Ses épaules se relâchent, et un soupir passe la barrière de ses lèvres.

— Alors faisons-ça. Mais je ne lâcherai pas l'affaire, Monsieur Luke.

J'acquiesce, et leur souhaite malgré tout une bonne nuit. J'arrive à peine au premier étage que la porte d'entrée claque, m'informant le départ du couple.

La discussion promet d'être houleuse. Pourtant, je pense que nous avons besoin de crever l'abcès avant mon possible licenciement. Je suis tout de même dubitatif face à leur présence dans ce manoir. Qu'est-ce qu'ils foutaient là ? Leur habitation est située à côté, alors pourquoi venir rôder ici ? Tania me semble un peu trop protectrice envers Séléné, et de savoir qu'ils peuvent déambuler librement dans ces couloirs à toutes heures du jour et de la nuit ne me rassure pas.

Je m'apprête à entrer dans ma chambre lorsque les lumières s'éteignent. Après une accalmie, la tempête a repris de plus belle. Les plombs de la bâtisse ont dû sauter. Je ne m'alarme pas, et pénètre hâtivement dans la pièce.
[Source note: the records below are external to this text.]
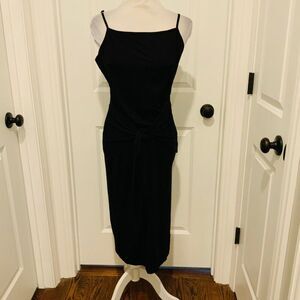 BTFBM Black Tie Front Sash Jersey Knit Sleeveless Midi Dress Large New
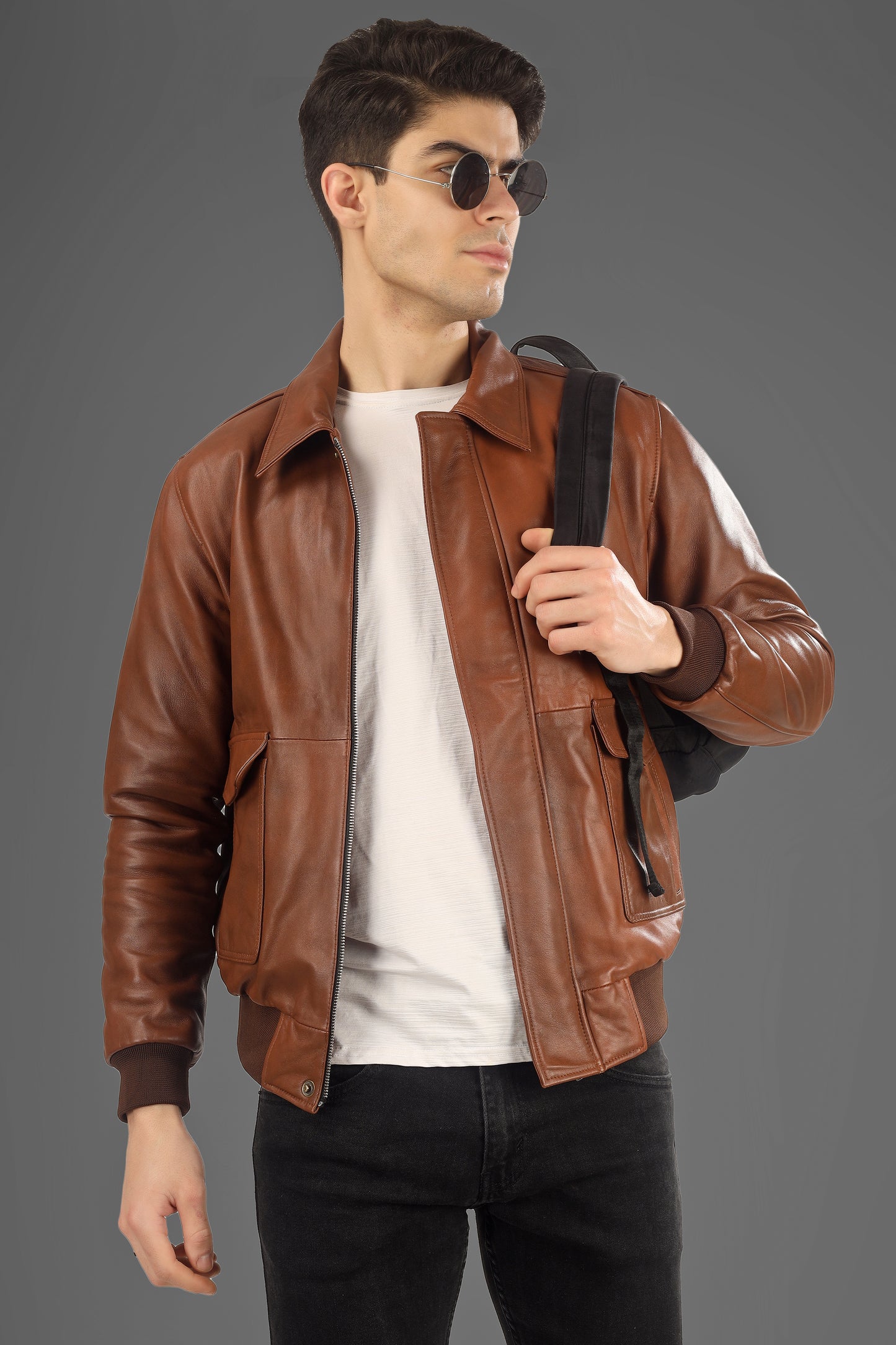 Charmshilp :- Vikram Bomber Leather Jacket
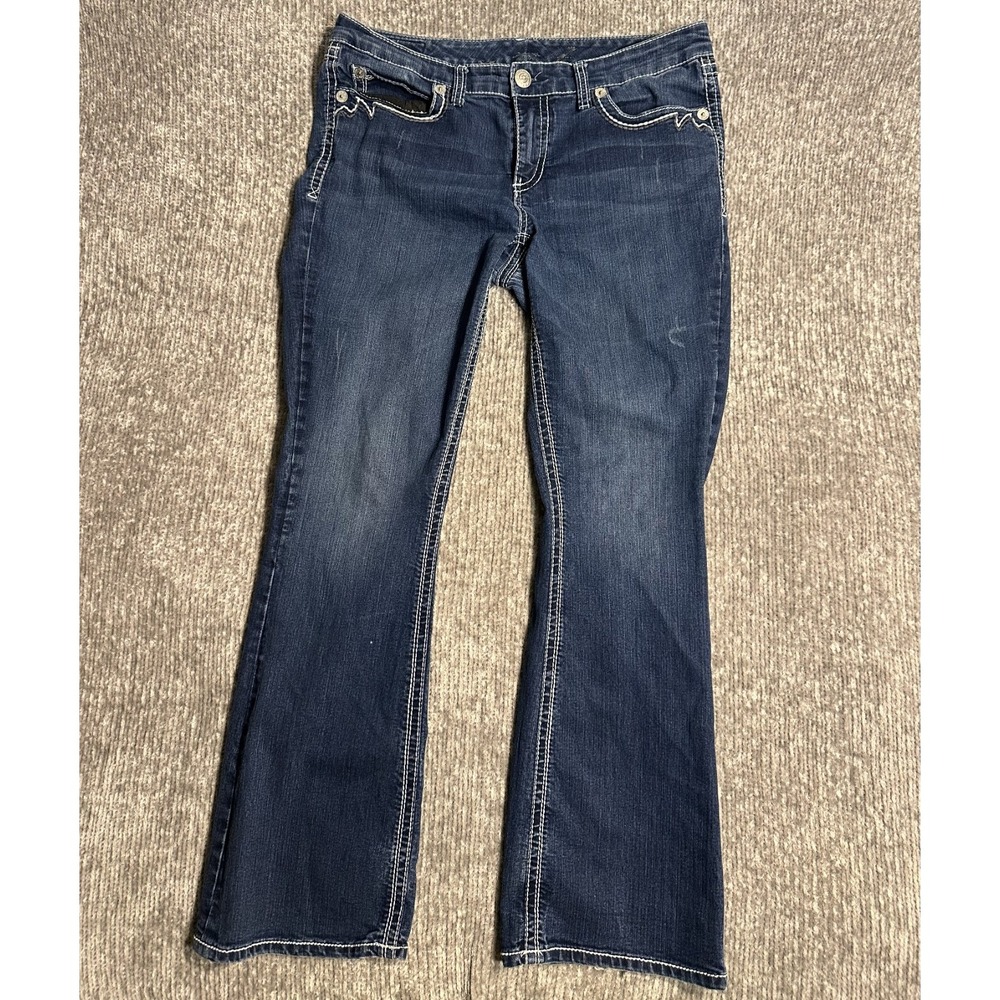 Seven7 Jeans Womens 14 Bootcut Y2K Embroidered Flap Pocket Western Dark Wash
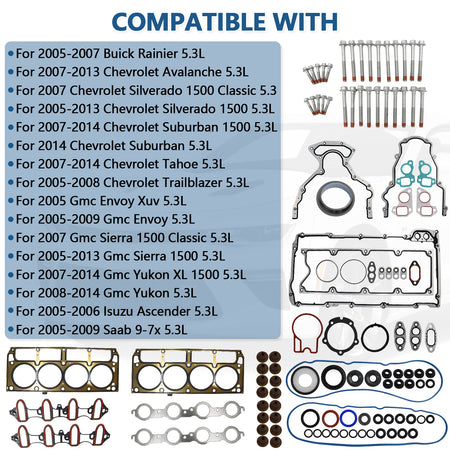 Btscar Master Head Gasket Kit fitment for Chevy Silverado Suburban GM 5.3L LS Vortec V8 Engine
Le noir complet m'accueille – c'est vrai que j'avais laissé les rideaux tirés –, et il me faut quelques secondes pour essayer de visualiser mentalement la chambre. De toute façon, le lit est juste devant moi, alors je ne cherche pas à ralentir et me diriger vers celui-ci lorsque je percute quelque chose. Un cri apeuré envahit le lieu, puis je tombe lâchement sur le corps que je viens de bousculer. Nous échouons sur le lit.

Le parfum que je respire me laisse peu de doute sur l'identité de la personne sous moi.

— Séléné ?

Un soupir que j'interprète comme un soulagement, mais pas de réponse.

— Vous allez bien ? insisté-je.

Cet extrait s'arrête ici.